Exercise:
The entries follow. Please return all of them exactly.

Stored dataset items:
———

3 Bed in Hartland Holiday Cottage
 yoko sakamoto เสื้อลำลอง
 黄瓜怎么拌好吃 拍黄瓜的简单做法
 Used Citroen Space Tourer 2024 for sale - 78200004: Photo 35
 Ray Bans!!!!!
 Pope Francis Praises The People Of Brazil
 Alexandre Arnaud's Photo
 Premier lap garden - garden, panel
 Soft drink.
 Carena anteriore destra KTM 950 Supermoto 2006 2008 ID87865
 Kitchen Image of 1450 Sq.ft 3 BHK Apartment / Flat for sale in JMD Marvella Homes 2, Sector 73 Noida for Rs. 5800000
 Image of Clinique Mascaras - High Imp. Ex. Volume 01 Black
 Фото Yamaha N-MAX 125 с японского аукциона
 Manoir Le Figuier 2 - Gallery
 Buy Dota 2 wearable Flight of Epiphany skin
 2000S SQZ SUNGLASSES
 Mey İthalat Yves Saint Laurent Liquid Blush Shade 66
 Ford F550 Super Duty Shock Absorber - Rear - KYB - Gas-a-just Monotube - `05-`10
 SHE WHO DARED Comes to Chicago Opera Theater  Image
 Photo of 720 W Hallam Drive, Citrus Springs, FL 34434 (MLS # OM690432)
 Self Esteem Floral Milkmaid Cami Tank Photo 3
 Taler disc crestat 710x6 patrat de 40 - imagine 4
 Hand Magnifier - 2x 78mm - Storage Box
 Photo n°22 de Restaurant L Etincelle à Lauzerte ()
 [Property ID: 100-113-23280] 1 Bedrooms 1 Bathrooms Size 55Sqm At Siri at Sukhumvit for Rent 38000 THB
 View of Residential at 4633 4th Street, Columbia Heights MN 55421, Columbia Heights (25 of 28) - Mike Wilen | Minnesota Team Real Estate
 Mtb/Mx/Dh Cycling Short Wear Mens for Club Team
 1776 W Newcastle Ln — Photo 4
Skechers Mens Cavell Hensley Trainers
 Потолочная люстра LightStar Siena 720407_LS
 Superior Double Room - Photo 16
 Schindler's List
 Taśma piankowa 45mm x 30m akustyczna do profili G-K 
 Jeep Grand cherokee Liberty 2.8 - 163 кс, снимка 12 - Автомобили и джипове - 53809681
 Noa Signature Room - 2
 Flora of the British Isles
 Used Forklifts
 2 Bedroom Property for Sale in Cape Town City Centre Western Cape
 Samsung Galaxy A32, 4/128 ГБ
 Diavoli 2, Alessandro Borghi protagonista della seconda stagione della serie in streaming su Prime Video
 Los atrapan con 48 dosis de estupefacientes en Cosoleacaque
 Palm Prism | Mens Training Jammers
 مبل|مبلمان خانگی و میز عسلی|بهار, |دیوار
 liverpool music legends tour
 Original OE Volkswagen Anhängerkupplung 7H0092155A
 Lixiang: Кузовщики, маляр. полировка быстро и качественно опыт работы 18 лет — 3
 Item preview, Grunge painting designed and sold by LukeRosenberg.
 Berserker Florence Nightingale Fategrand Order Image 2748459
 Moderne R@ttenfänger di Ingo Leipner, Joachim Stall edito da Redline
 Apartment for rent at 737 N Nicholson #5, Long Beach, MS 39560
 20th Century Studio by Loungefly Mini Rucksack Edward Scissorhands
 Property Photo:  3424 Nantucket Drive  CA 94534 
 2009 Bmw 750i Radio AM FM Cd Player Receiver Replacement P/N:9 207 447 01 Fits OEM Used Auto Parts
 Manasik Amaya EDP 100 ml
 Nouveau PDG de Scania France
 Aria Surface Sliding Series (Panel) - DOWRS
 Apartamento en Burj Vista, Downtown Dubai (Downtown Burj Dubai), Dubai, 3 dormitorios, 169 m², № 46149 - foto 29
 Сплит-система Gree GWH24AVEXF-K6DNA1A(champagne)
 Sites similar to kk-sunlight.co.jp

———

Written answer:
3 Bed in Hartland Holiday Cottage
 yoko sakamoto เสื้อลำลอง
 黄瓜怎么拌好吃 拍黄瓜的简单做法
 Used Citroen Space Tourer 2024 for sale - 78200004: Photo 35
 Ray Bans!!!!!
 Pope Francis Praises The People Of Brazil
 Alexandre Arnaud's Photo
 Premier lap garden - garden, panel
 Soft drink.
 Carena anteriore destra KTM 950 Supermoto 2006 2008 ID87865
 Kitchen Image of 1450 Sq.ft 3 BHK Apartment / Flat for sale in JMD Marvella Homes 2, Sector 73 Noida for Rs. 5800000
 Image of Clinique Mascaras - High Imp. Ex. Volume 01 Black
 Фото Yamaha N-MAX 125 с японского аукциона
 Manoir Le Figuier 2 - Gallery
 Buy Dota 2 wearable Flight of Epiphany skin
 2000S SQZ SUNGLASSES
 Mey İthalat Yves Saint Laurent Liquid Blush Shade 66
 Ford F550 Super Duty Shock Absorber - Rear - KYB - Gas-a-just Monotube - `05-`10
 SHE WHO DARED Comes to Chicago Opera Theater  Image
 Photo of 720 W Hallam Drive, Citrus Springs, FL 34434 (MLS # OM690432)
 Self Esteem Floral Milkmaid Cami Tank Photo 3
 Taler disc crestat 710x6 patrat de 40 - imagine 4
 Hand Magnifier - 2x 78mm - Storage Box
 Photo n°22 de Restaurant L Etincelle à Lauzerte ()
 [Property ID: 100-113-23280] 1 Bedrooms 1 Bathrooms Size 55Sqm At Siri at Sukhumvit for Rent 38000 THB
 View of Residential at 4633 4th Street, Columbia Heights MN 55421, Columbia Heights (25 of 28) - Mike Wilen | Minnesota Team Real Estate
 Mtb/Mx/Dh Cycling Short Wear Mens for Club Team
 1776 W Newcastle Ln — Photo 4
Skechers Mens Cavell Hensley Trainers
 Потолочная люстра LightStar Siena 720407_LS
 Superior Double Room - Photo 16
 Schindler's List
 Taśma piankowa 45mm x 30m akustyczna do profili G-K 
 Jeep Grand cherokee Liberty 2.8 - 163 кс, снимка 12 - Автомобили и джипове - 53809681
 Noa Signature Room - 2
 Flora of the British Isles
 Used Forklifts
 2 Bedroom Property for Sale in Cape Town City Centre Western Cape
 Samsung Galaxy A32, 4/128 ГБ
 Diavoli 2, Alessandro Borghi protagonista della seconda stagione della serie in streaming su Prime Video
 Los atrapan con 48 dosis de estupefacientes en Cosoleacaque
 Palm Prism | Mens Training Jammers
 مبل|مبلمان خانگی و میز عسلی|بهار, |دیوار
 liverpool music legends tour
 Original OE Volkswagen Anhängerkupplung 7H0092155A
 Lixiang: Кузовщики, маляр. полировка быстро и качественно опыт работы 18 лет — 3
 Item preview, Grunge painting designed and sold by LukeRosenberg.
 Berserker Florence Nightingale Fategrand Order Image 2748459
 Moderne R@ttenfänger di Ingo Leipner, Joachim Stall edito da Redline
 Apartment for rent at 737 N Nicholson #5, Long Beach, MS 39560
 20th Century Studio by Loungefly Mini Rucksack Edward Scissorhands
 Property Photo:  3424 Nantucket Drive  CA 94534 
 2009 Bmw 750i Radio AM FM Cd Player Receiver Replacement P/N:9 207 447 01 Fits OEM Used Auto Parts
 Manasik Amaya EDP 100 ml
 Nouveau PDG de Scania France
 Aria Surface Sliding Series (Panel) - DOWRS
 Apartamento en Burj Vista, Downtown Dubai (Downtown Burj Dubai), Dubai, 3 dormitorios, 169 m², № 46149 - foto 29
 Сплит-система Gree GWH24AVEXF-K6DNA1A(champagne)
 Sites similar to kk-sunlight.co.jp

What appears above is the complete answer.